The Olympic Games are happening in Paris. I’m sort of vaguely interested, but not enough to pay for access, so I’m not watching any of it, apart from short clips of highlights.

Except today! We had an Olympic day at the office, since it was just the four of us on the third floor, and nobody could complain. A teammate who is more into sports has a paid Eurosport account, and we have a big screen on the wall that normally shows graphs and statistics about new customer signups and take-up of the new customer portal and other such inspiring things, that he could Chromecast the stream to.

We saw various branches of gymnastics (always super impressive), table tennis doubles (all Asian teams at the top), swimming, men’s volleyball, and probably more. Not continuously, but whenever I was waiting for a build to complete, or was switching tasks, etc.

The technical setup itself was interesting enough. 360 degree cameras around the table tennis setup, so they could freeze the scene and pan around, Matrix-style. Visualizations of all the spots where ball had hit the table during the game. Miles beyond the blurry slow-motion cameras of yesteryear.

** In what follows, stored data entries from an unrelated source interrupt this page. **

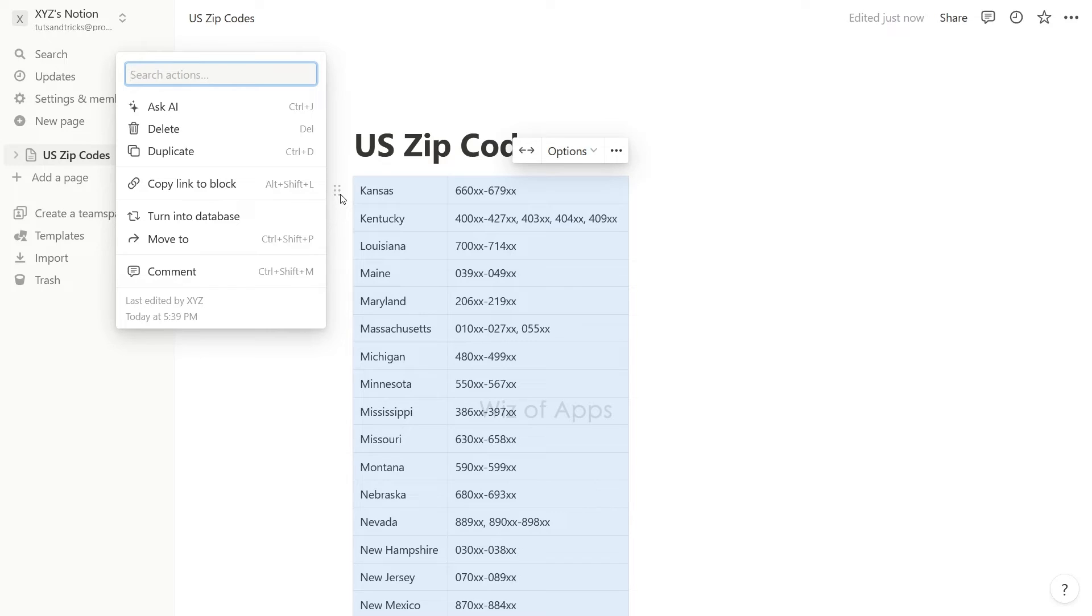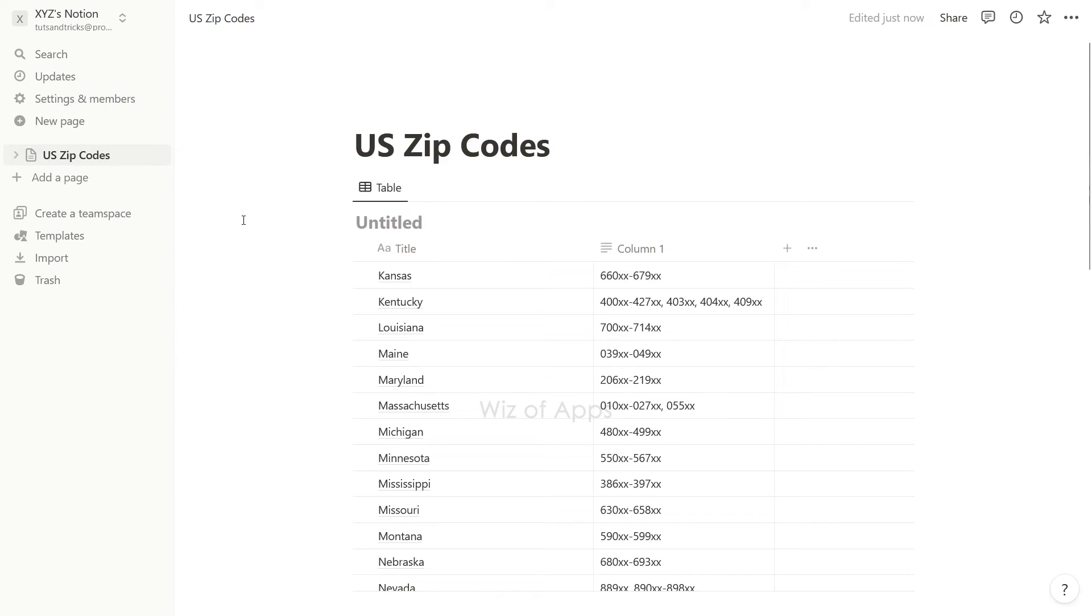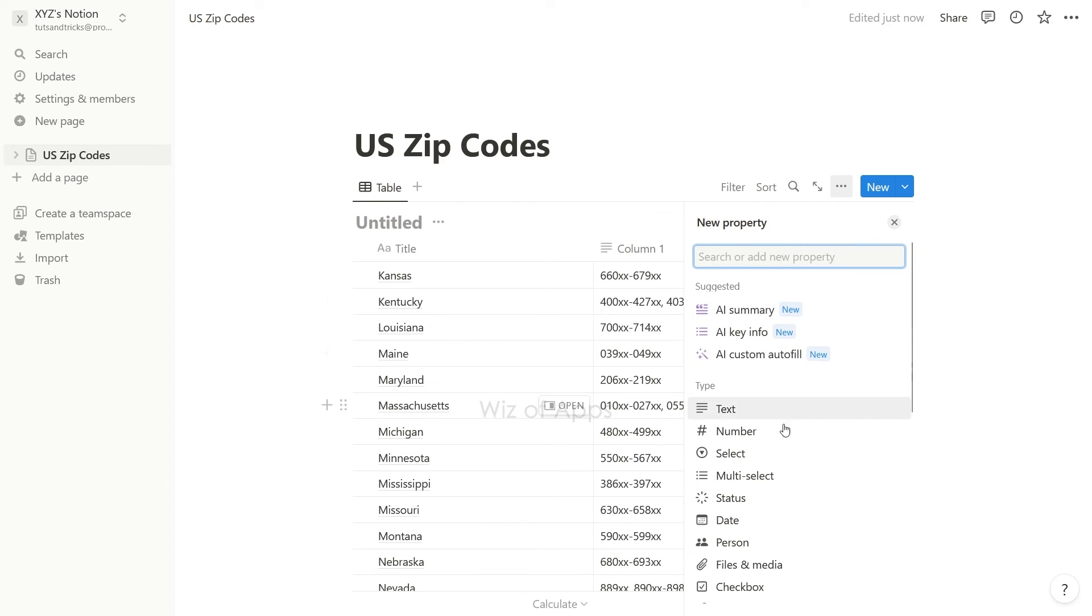If you have a simple table, you will see the option turn into database. When you click that, it will convert your table into an inline database and you can now add more properties as needed.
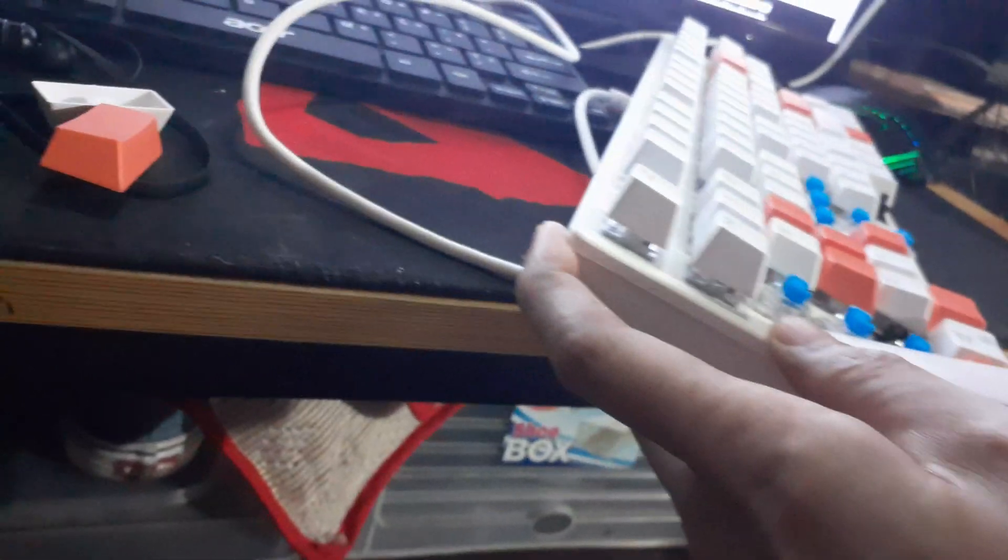Do not pull it out all the way, just lift it a little higher. As you can see, it's now working.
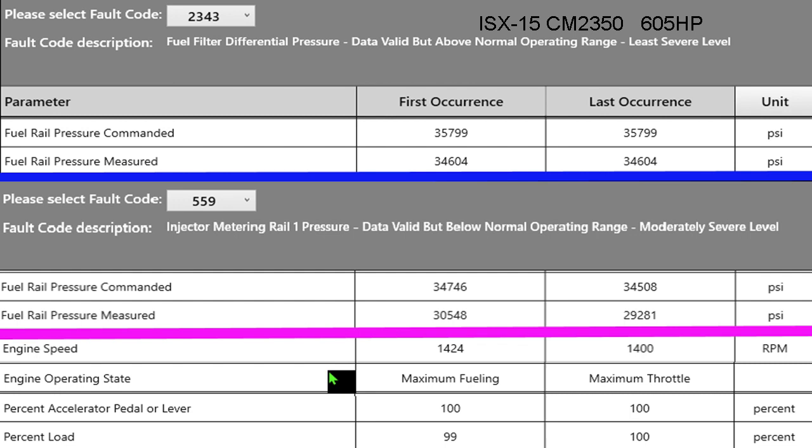So for fault 2343, looking at just the first occurrence — the rail commanded was 35,799 but measured was only 34,604. The fuel system on the engine was not able to make the 35,700 pounds for probably 15 or 20 seconds. If it can't get there and it's doing everything it can, it'll log the 2343 fault. If you have a partially restricted fuel filter, this can be what happens — it just can't get there when it's trying to make that pressure.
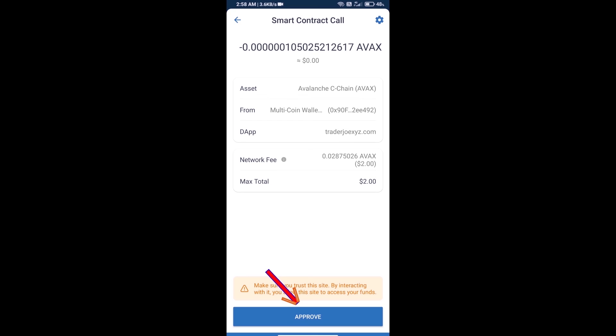After that, we will approve this transaction and we will get this token successfully. So guys, I have only shared technical process, not financial advice. Invest in cryptocurrency at own risk. Thanks for watching.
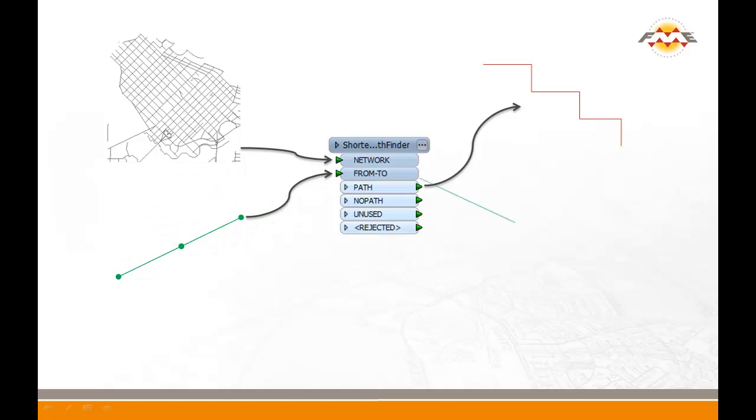The no path port will output any from-to lines for which no path could be found. That is, there's no way to get from A to B on the network. These output features will contain no geometry, but still have the original line's attributes.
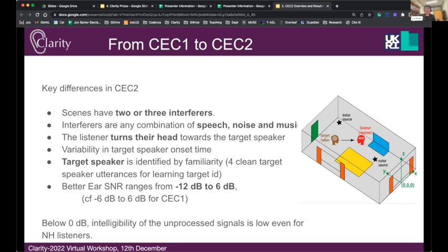The target speaker is now identified by familiarity. We provide four clean target speech utterances for the target speaker, so the enhancement systems are given examples of the speaker they're meant to be enhancing. In the listening tests, listeners also hear these clean speech targets before listening to the processed scenes, so they know which voice in the mixture they're meant to be listening to. There are actually quite a few cues you can use to separate the target speech from interfering speech — it's generally not the one in front of the listener, and often starts later.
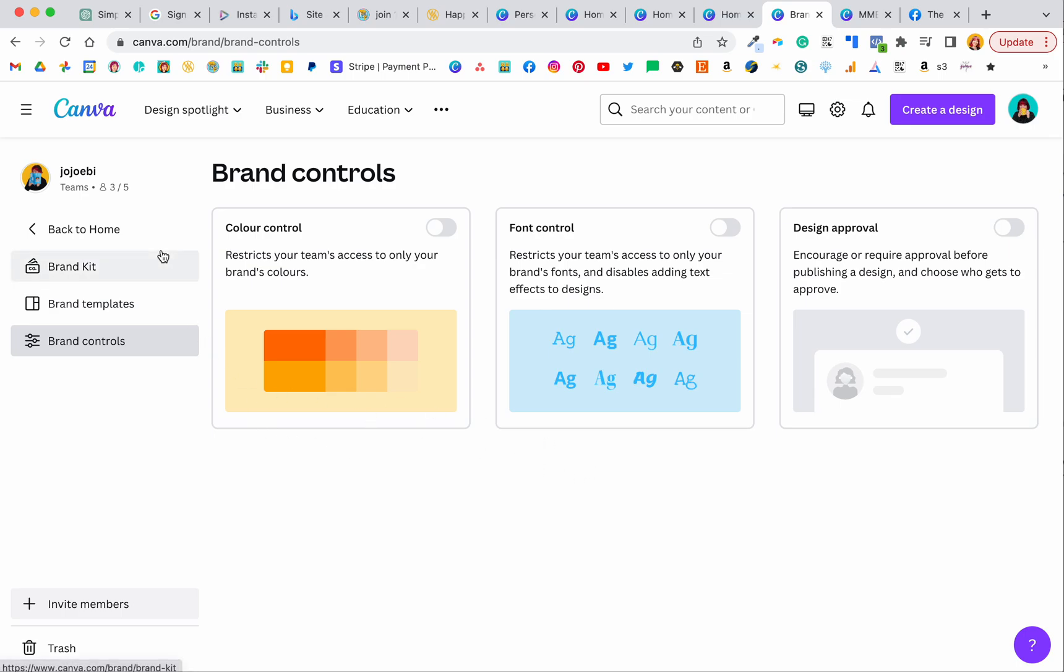And it's also really good if you've got people who are maybe not designers or design oriented. They can still go in and create things and keep it on brand because you're forcing them to use the brand colors and fonts and whatnot.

It’s World Embroidery Day today, which I discovered only by chance on Instagram. I just picked up my Stockholm embroidery again a few days ago – I need to make progress before the embroidery club starts up again to avoid endless shame – and continued today. I feel done with all the houses so I finally started on the trees now.

The best light was out on the deck, so that’s where I sat.

First day back at work. The same for four out of our five-person team, so we congregated at the Sortera office.

I tried to remember how this office work thing works, and mostly managed to pack all the necessities (computer, mouse plus pad, change of clothes, lunch box) except for my knitting. Missed it several times during the day. When I got home, the first thing I did (after unpacking my used lunch box) was to put the bag with my sock knitting in my backpack for tomorrow.

I’ve only used 3 out of my 5 weeks of vacation. But Adrian is away at scout camp all week, and Ingrid will be working, so we won’t be doing anything as a family anyway. I think I’ll use another week to go for a full-week hike some time in September, instead of the long weekends I’ve been doing in the past. And the last week is for Christmas.